**How to complete this task:** Each line of the data must be given back verbatim, with pictures removed.

##### Data for this exercise #####

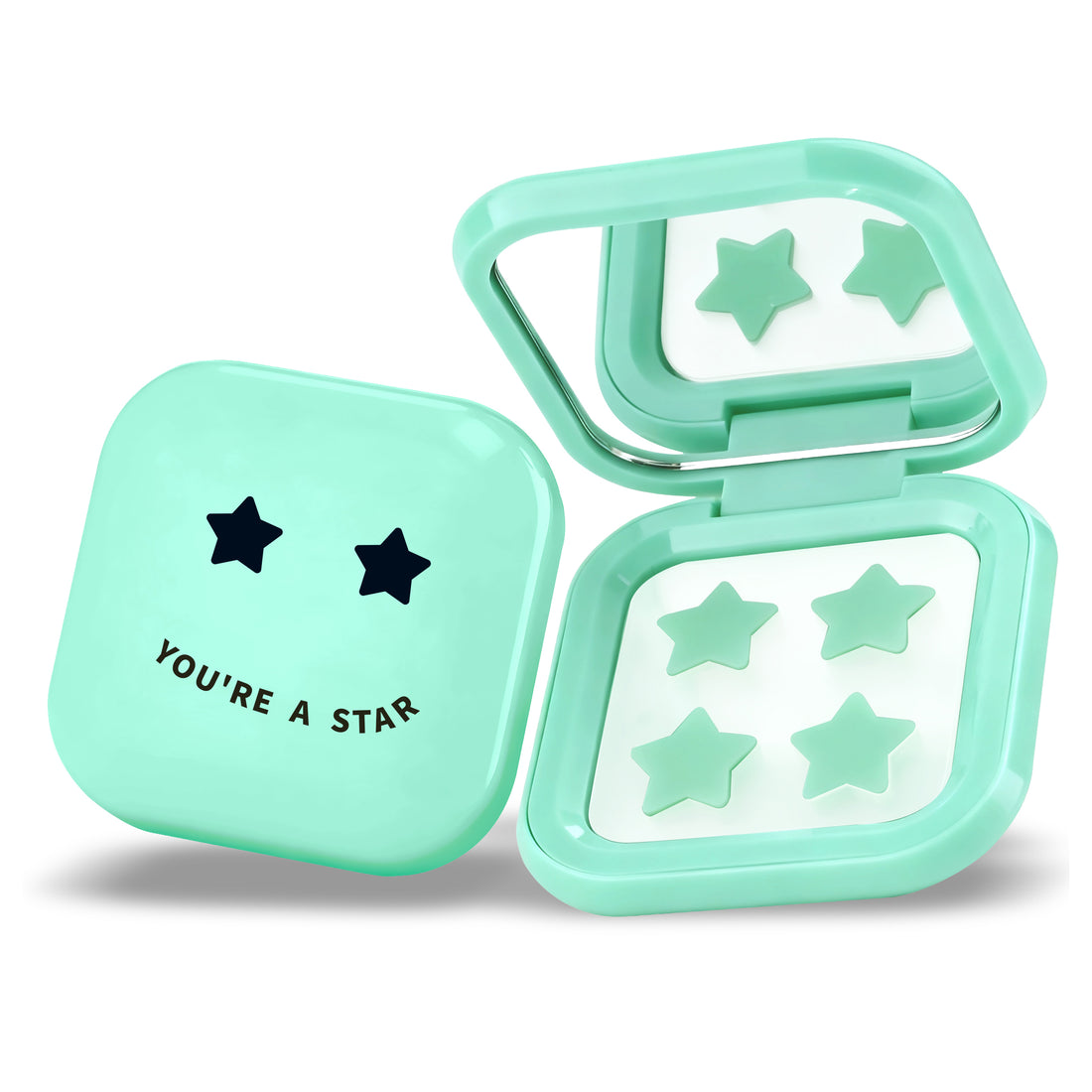 PIMPLE STAR PATCHES &amp; MIRROR CASE Green Pimple Patches - Anti-Blemish Stars in portable mirror case, 32 patches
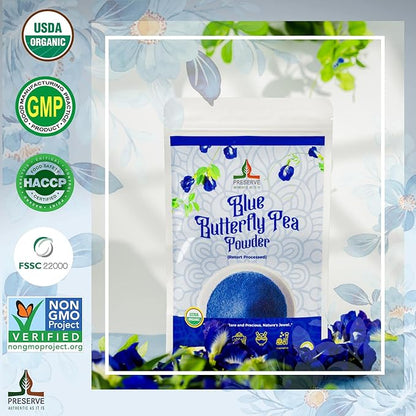 Pure Butterfly Pea Flower Powder, 100% Pure Natural Food Coloring, Non-GMO, Vegan, Retort Processed, Antioxidant-Rich, Blue Lotus Flower Powder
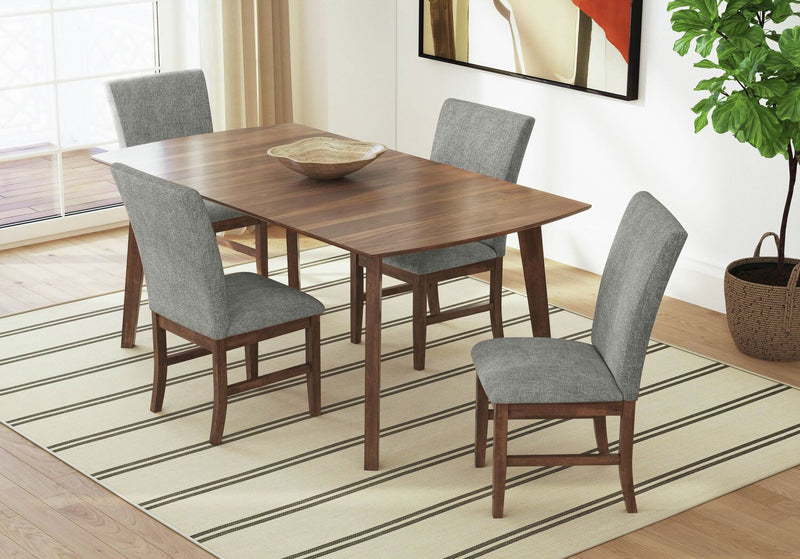 Rain 5pc Dining Set with Table & 4 Grey Chairs, 72\"W - Grey/Brown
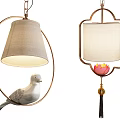 Oriental Style Chandeliers with Different Shapes White Lampshades and Lotus Bird Decorations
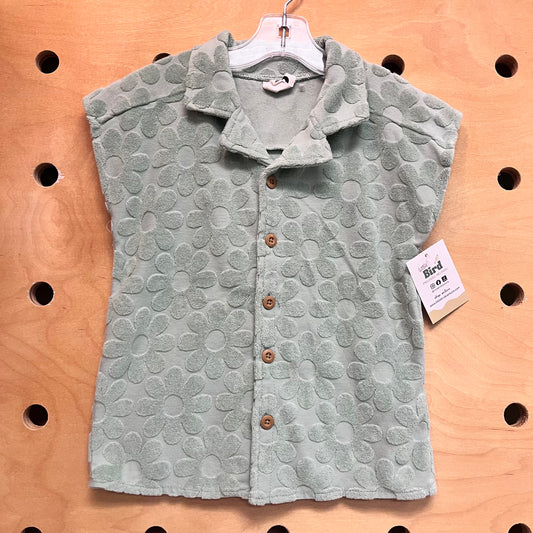 Green Terry Floral Button Up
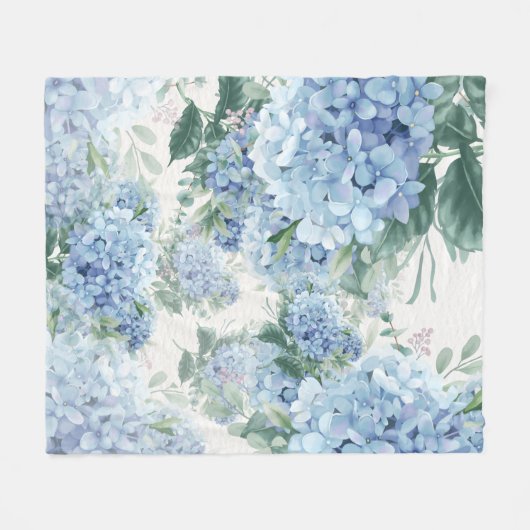 Blue Hydrangea Fleecedecke (Vorderseite (Horizontal))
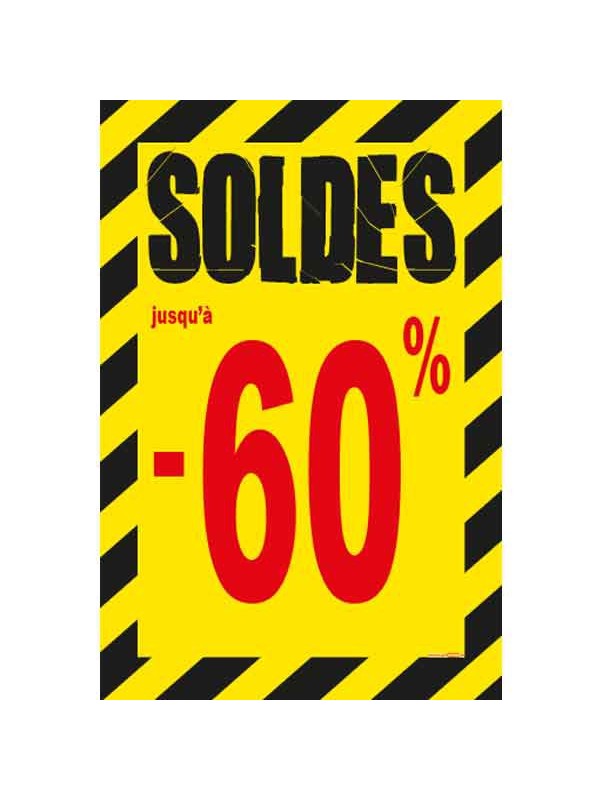 Affiche soldes -60 % "Thème Chantier"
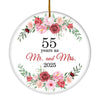 Christmas Ornaments Gifts For Couples Husband Wife Holiday 55th Wedding Anniversary 55 Years As Mr & Mrs 2025 Decoration Christmas Tree Ornament | siriusteestore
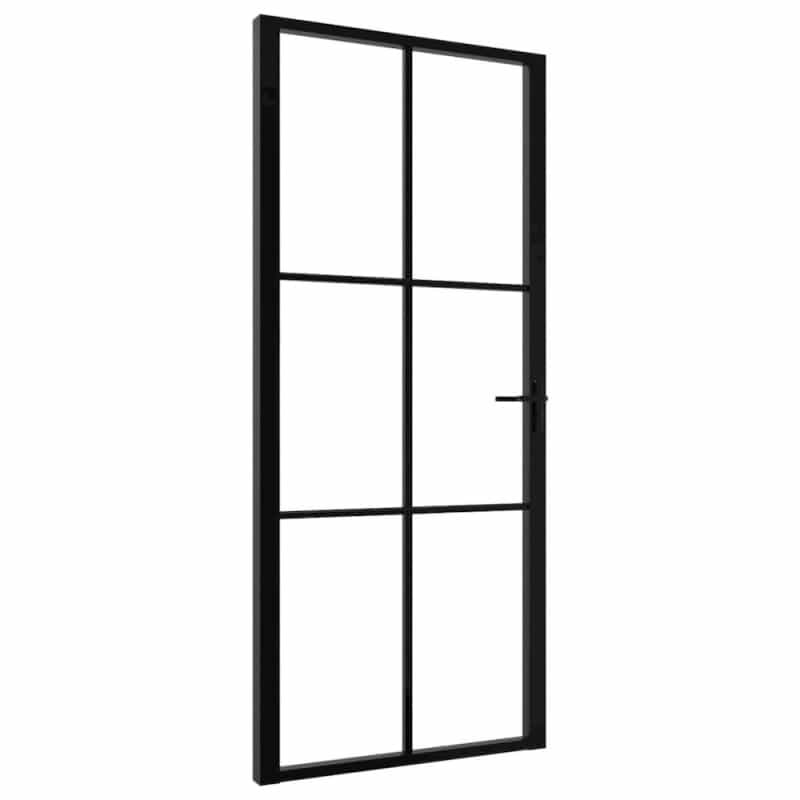 Interior Door Esg Glass And Aluminum 36.6"X79.3" Black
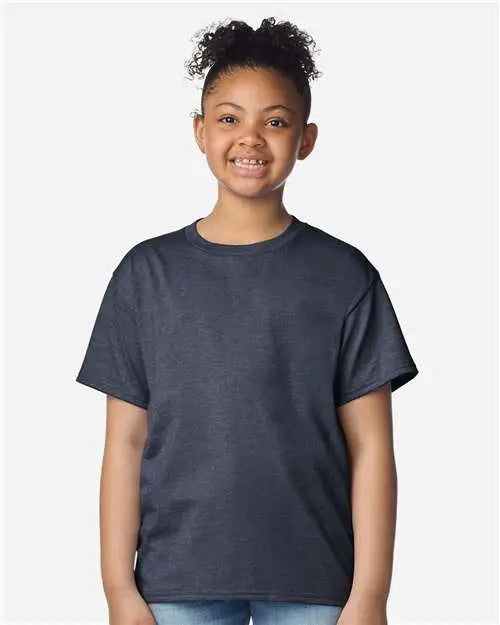Gildan 3000b Light Cotton Youth T-shirt - Heather Navy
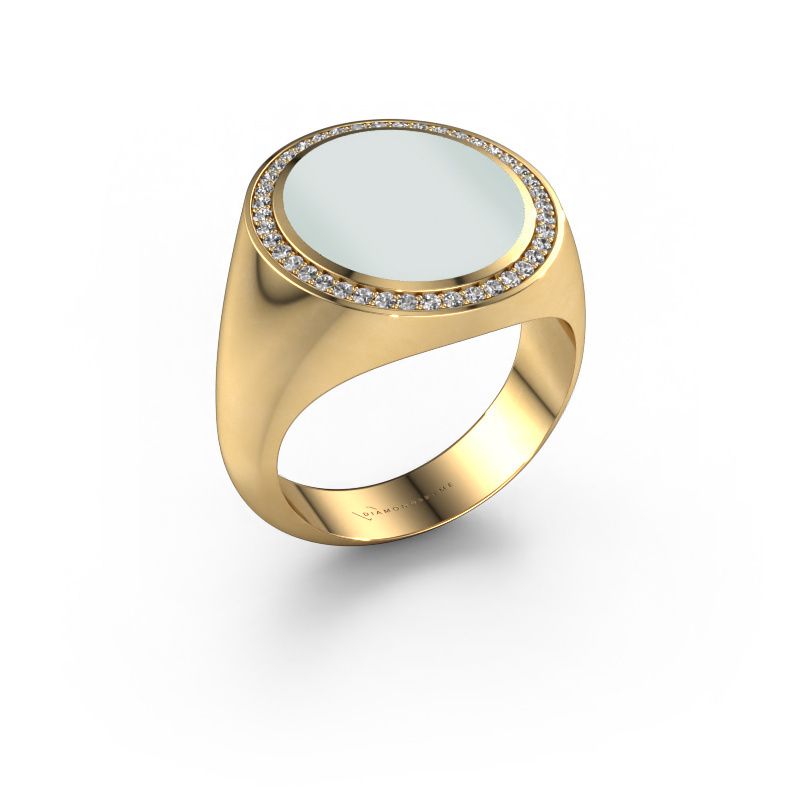 Signet ring Adam 5 585 gold green sardonyx 15x13 mm
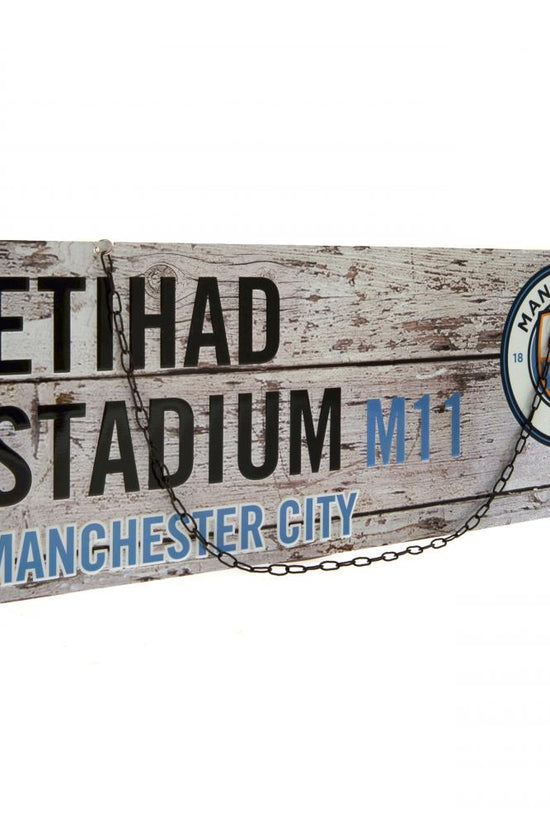 Manchester City FC Rustic Garden Sign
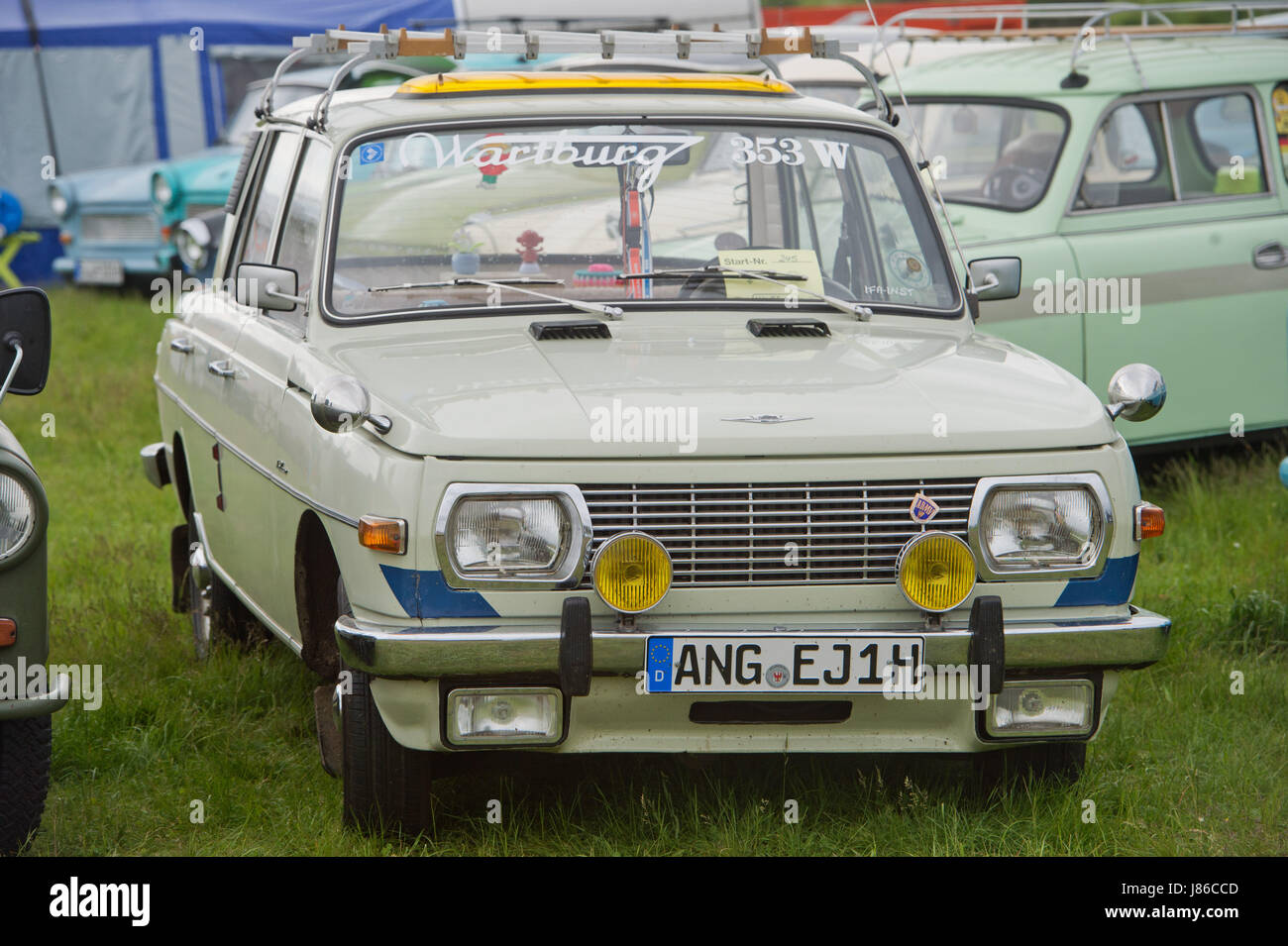 A Wartburg 353 W can be seen on the premises of the International Trabant Gathering in Anklam, Germany, 24 May 2017. The VEB Automobilwerkes Eisenach was manufacturer of the car 'Wartburg'. Photo: Stefan Sauer/dpa-Zentralbild/dpa Stock Photo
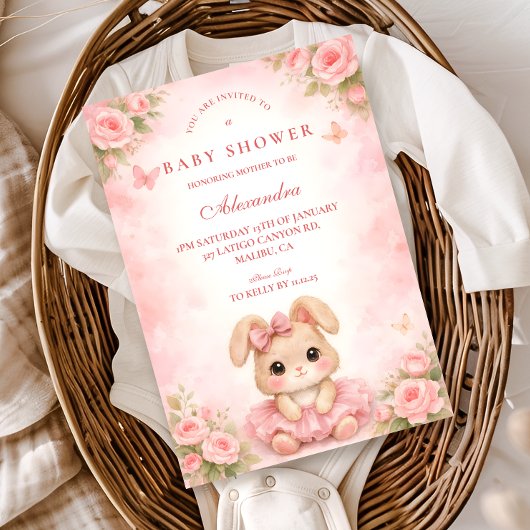 Pink Bunny Floral Baby Shower 招待状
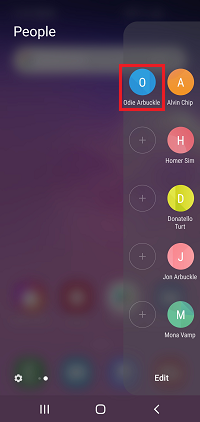 Tap on the person you want to contact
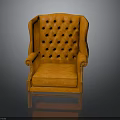 Elegant Orange Tufted Velvet Armchair With Classic Design And Wooden Legs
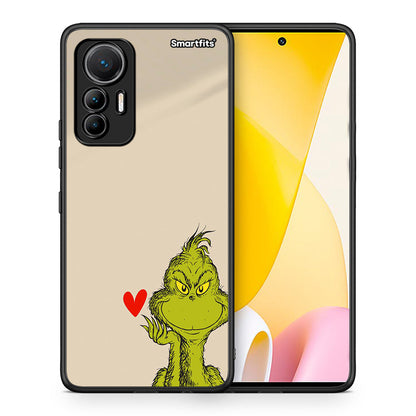 Θήκη Xiaomi 12 Lite 5G Xmas Grinch από τη Smartfits με σχέδιο στο πίσω μέρος και μαύρο περίβλημα | Xiaomi 12 Lite 5G Xmas Grinch case with colorful back and black bezels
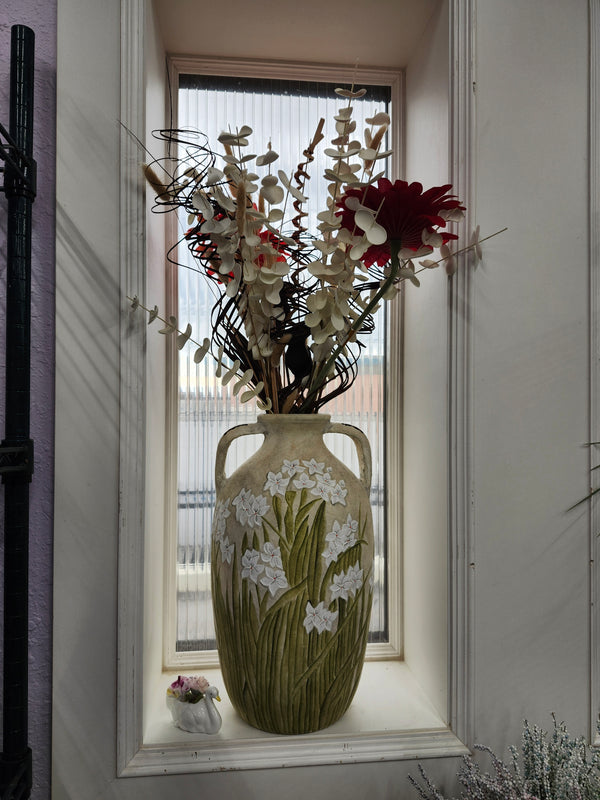 Large pottery vase & fake flowers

#####

**Response to this task:**
 PIMPLE STAR PATCHES &amp; MIRROR CASE Green Pimple Patches - Anti-Blemish Stars in portable mirror case, 32 patches
 Pure Butterfly Pea Flower Powder, 100% Pure Natural Food Coloring, Non-GMO, Vegan, Retort Processed, Antioxidant-Rich, Blue Lotus Flower Powder
 Rain 5pc Dining Set with Table & 4 Grey Chairs, 72\"W - Grey/Brown
 Oriental Style Chandeliers with Different Shapes White Lampshades and Lotus Bird Decorations
 Green Terry Floral Button Up
 Blue Hydrangea Fleecedecke (Vorderseite (Horizontal))
 Affiche soldes -60 % "Thème Chantier"
 Christmas Ornaments Gifts For Couples Husband Wife Holiday 55th Wedding Anniversary 55 Years As Mr & Mrs 2025 Decoration Christmas Tree Ornament | siriusteestore
 Interior Door Esg Glass And Aluminum 36.6"X79.3" Black
Gildan 3000b Light Cotton Youth T-shirt - Heather Navy
 Signet ring Adam 5 585 gold green sardonyx 15x13 mm
 Manchester City FC Rustic Garden Sign
 A Wartburg 353 W can be seen on the premises of the International Trabant Gathering in Anklam, Germany, 24 May 2017. The VEB Automobilwerkes Eisenach was manufacturer of the car 'Wartburg'. Photo: Stefan Sauer/dpa-Zentralbild/dpa Stock Photo
 Pink Bunny Floral Baby Shower 招待状
 Tap on the person you want to contact
 Elegant Orange Tufted Velvet Armchair With Classic Design And Wooden Legs
 Θήκη Xiaomi 12 Lite 5G Xmas Grinch από τη Smartfits με σχέδιο στο πίσω μέρος και μαύρο περίβλημα | Xiaomi 12 Lite 5G Xmas Grinch case with colorful back and black bezels
 Large pottery vase & fake flowers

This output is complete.